Zscaler Releases Zulu, Free URL Risk Analyzer

Zscaler, the leading security solutions provider, released a great free tool that allows even more inexperienced users assess the risks that may hide behind an apparently harmless URL.

The project, called Zulu, its name being inspired by the ancient Zulu warriors represented by a citizens army, is a completely free service launched with the purpose of allowing users to experiment with new, more advanced, detection techniques.

The user interface was designed to be simple, but at the same to provide sufficient information for even the more security savvy customers.

All the user needs to do is input the URL he wants to scan and press a button. After that, the company’s advanced detection engines work to establish the overall ranking, Benign, Suspicious or Malicious.

For more advanced users, the application offers the possibility to set some advanced options, such as User Agent or Referrer, in case malware that is triggered only with certain input variables is encountered.

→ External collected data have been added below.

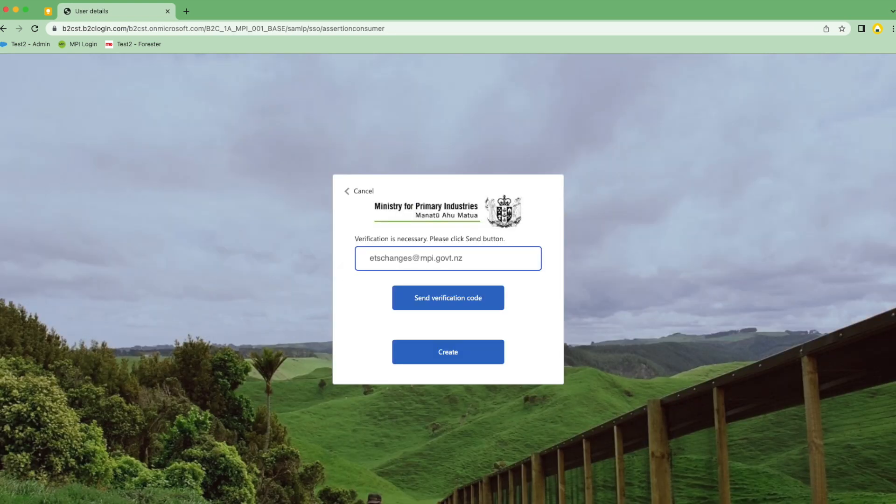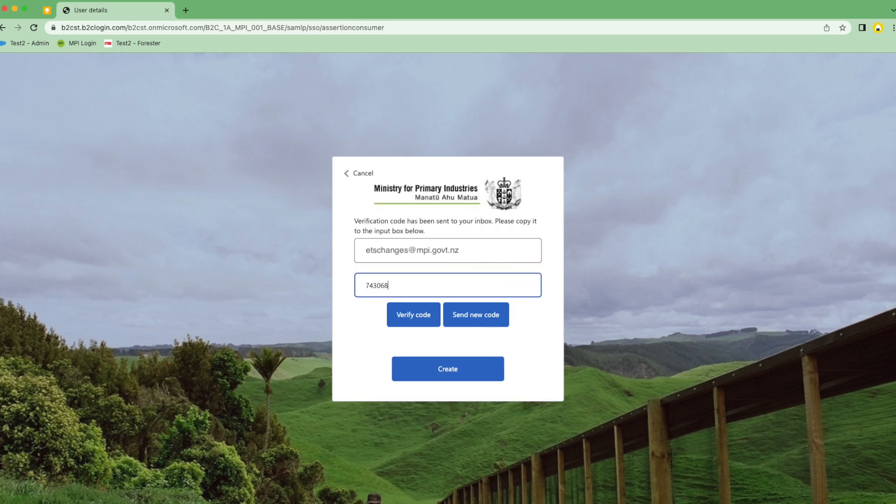You'll be redirected to a Ministry for Primary Industries page. Enter the email you wish to associate with your Tupuake account and select Send Verification Code. When the code arrives in your inbox, add that in to the page and select Verify Code.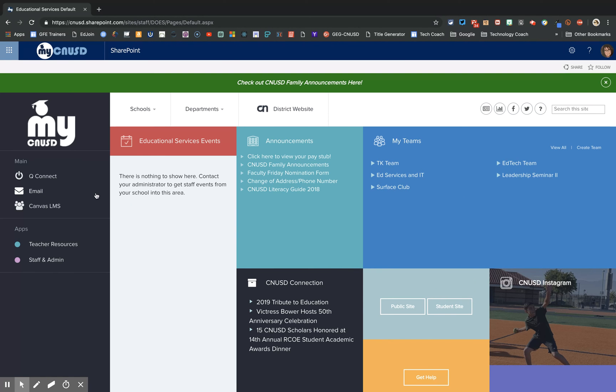Once it loads, on the left side under apps you'll see grade levels. Click on your grade level. For teachers it would be teacher resources.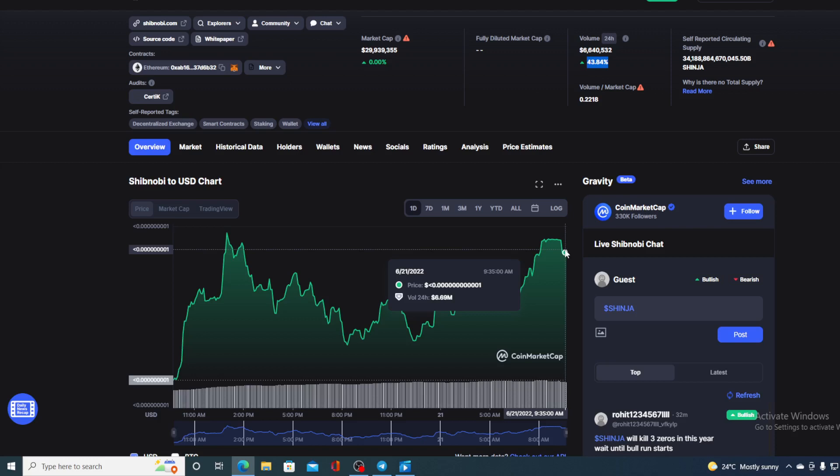But first of all, I would need to say that I am not a financial advisor. So, if you are willing to invest in any kind of cryptocurrency, you should do your own research on this. However, before we get back to the price predicting part, let me show you a bit wider time frame for this price movement of Shibnobi.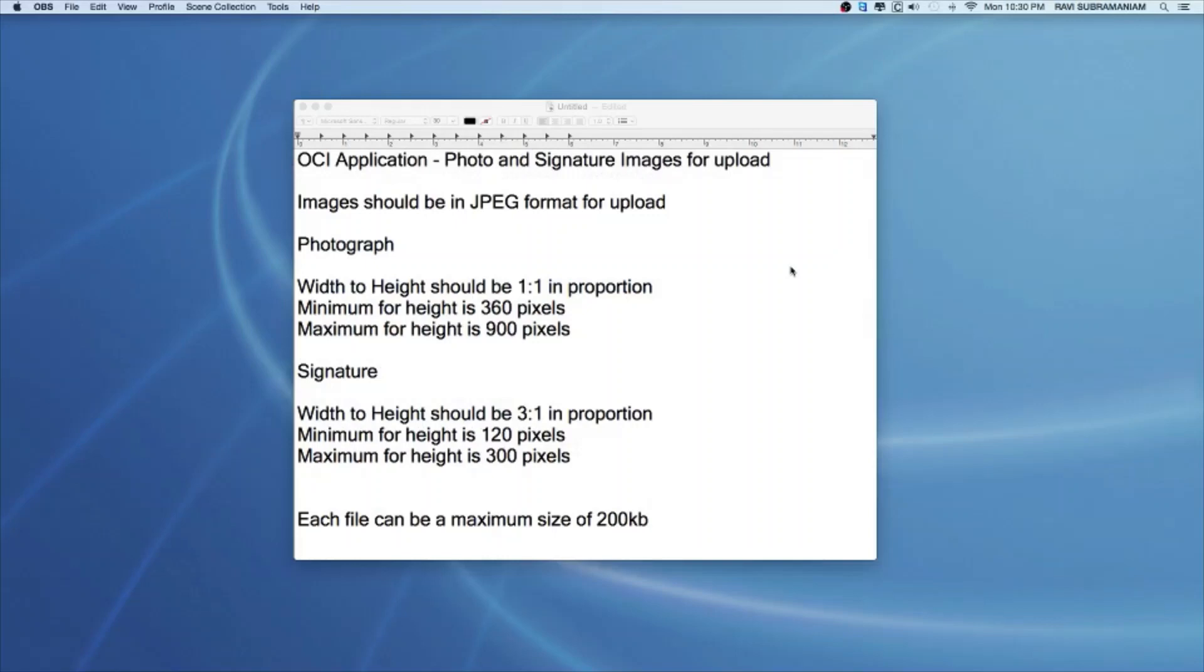During the OCI application process, whether it's for a new OCI card or renewal of an existing OCI card, you'll be required to scan your photograph and signature. Probably you'll be putting a signature on a blank piece of paper and then scanning that. And then you'll be required to prepare those images for upload.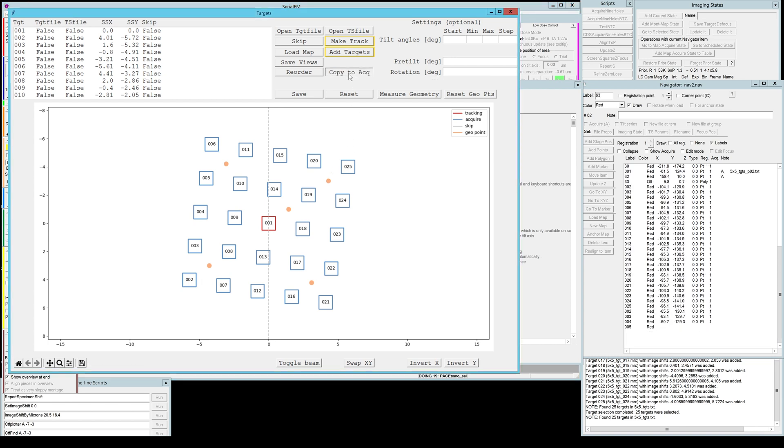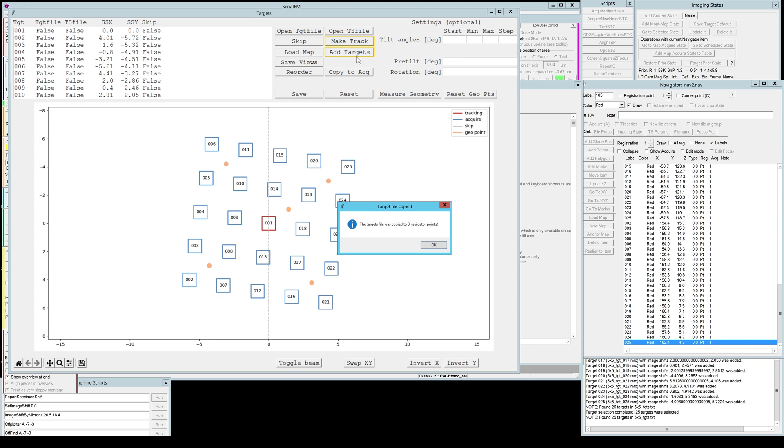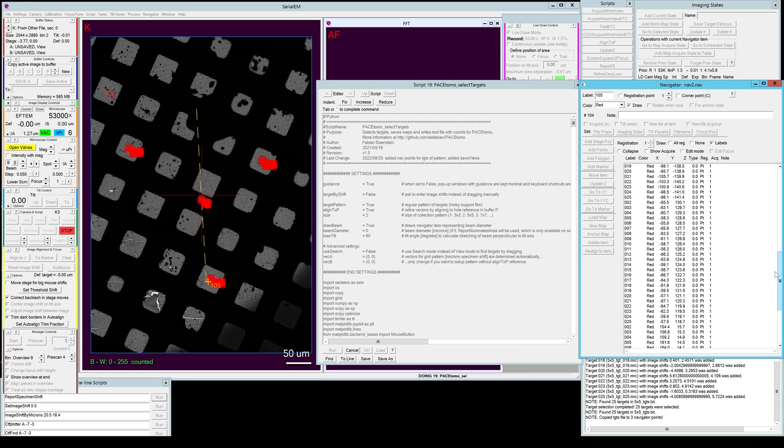This will make a few things. It will go through all of your points, it will make physical copies of the target file and give them a slightly different name so you won't run into problems of having tilt series with the same name at different target points. It will actually go through them, let's scroll up here, and call them position one, position two and position three.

The results may be simple to read, but they also contain some details of elements that compose the overall score, for users who know what to look for.

So how does Zulu work?

First, the page content is scanned for traces of potentially malicious code, using the proprietary Zscaler algorithms, heuristic tests and public sources. Then, the URL itself is tested against known malicious patterns and public black and white lists.

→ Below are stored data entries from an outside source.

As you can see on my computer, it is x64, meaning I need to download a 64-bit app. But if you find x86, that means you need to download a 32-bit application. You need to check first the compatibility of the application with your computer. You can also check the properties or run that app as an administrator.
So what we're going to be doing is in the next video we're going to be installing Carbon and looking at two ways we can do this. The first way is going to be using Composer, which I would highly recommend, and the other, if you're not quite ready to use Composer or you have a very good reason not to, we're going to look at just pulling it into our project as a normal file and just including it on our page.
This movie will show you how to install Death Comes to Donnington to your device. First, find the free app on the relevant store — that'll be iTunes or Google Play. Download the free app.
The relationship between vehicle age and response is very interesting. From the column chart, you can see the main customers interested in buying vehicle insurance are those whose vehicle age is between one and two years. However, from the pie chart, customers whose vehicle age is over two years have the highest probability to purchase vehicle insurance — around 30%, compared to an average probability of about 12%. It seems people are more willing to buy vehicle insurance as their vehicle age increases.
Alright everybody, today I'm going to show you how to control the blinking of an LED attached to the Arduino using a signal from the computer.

Finally, the host’s reputation is verified based on its IP address, geographical location and Anonymous System Number (ASN), along with suspicious behaviors it may display.

“With Zulu, we sought to combine our own proprietary scanning techniques, with the great open source intel that is available, to provide a broad view of the overall risk posed by virtually any web resource,” said Michael Sutton, vice president of security research at Zscaler.

“We also look not just at a specific aspect of the resource, but instead, separately focus on determining risk for the content, URL and host separately, which is then combined into an overall risk score.”